Alitalia's bankruptcy commissioner has warned that the airline is running out of cash for fuel and that flights could be grounded if unions do not agree quickly to the CAI buyout offer.
The rescue plan involves 3,250 redundancies and longer hours for the same pay. "This is a massacre," said Fabio Frati, the CUB union leader.
However, Altero Matteoli, the Transport Minister, said it was "absurd and irresponsible" to strike at a time when Alitalia could barely afford to keep flying.
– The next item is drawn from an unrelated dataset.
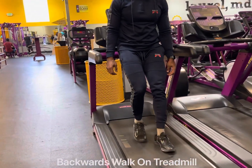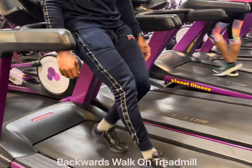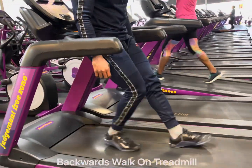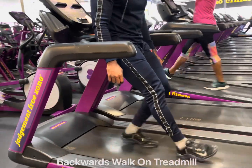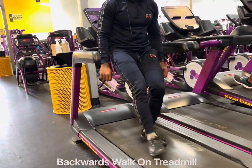Keep the treadmill powered off and start to walk backwards. Don't hold on for assistance. What this does is pretty much bulletproof your knees by strengthening your quad muscles as well as the muscles surrounding your knee. As you continue during the duration of this movement, pick up the intensity.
Augusto Fantozzi, the government-appointed special commissioner running Alitalia, said "cash is running out", and the only offer on the table was the CAI bid, although during a visit to France this week Silvio Berlusconi, the Prime Minister, again sought help from Air France. However, he threatened not to extend redundancy benefits to Alitalia workers if the CAI deal was not accepted.
He told reporters in Paris after talks with President Nicolas Sarkozy that the Government's guarantees of 80 per cent pay for up to eight years for 3,250 workers who would be laid off under the reorganisation plan could not be extended to all Alitalia's 20,000 employees.
Air France-KLM has expressed interest, but Mr Berlusconi also pointed to Lufthansa as an "ideal partner." Air France-KLM withdrew from talks in the spring to buy the Government's controlling stake in Alitalia.
Mr Berlusconi, who was then fighting an election campaign, which he won, vowed to find "an Italian solution".
Meanwhile, Greece will close Olympic Airlines, its loss-making flag carrier, and relaunch it as a new company called Pantheon under a plan approved today by the European Commission.
The Greek Government had pledged to find a buyer or restructure the airline by Christmas, after years of unsuccessful attempts to sell.
The Olympic trademark and landing slots will be retained, but the carrier will be cut to 65 per cent of its existing size. About 8,000 employees may lose their jobs.
The European Commission ruled in 1996 that Olympic was in breach of EU state aid rules and told the airline to repay €850 million (£673 million), but the commission has said that no state aid is involved in the restructure plan.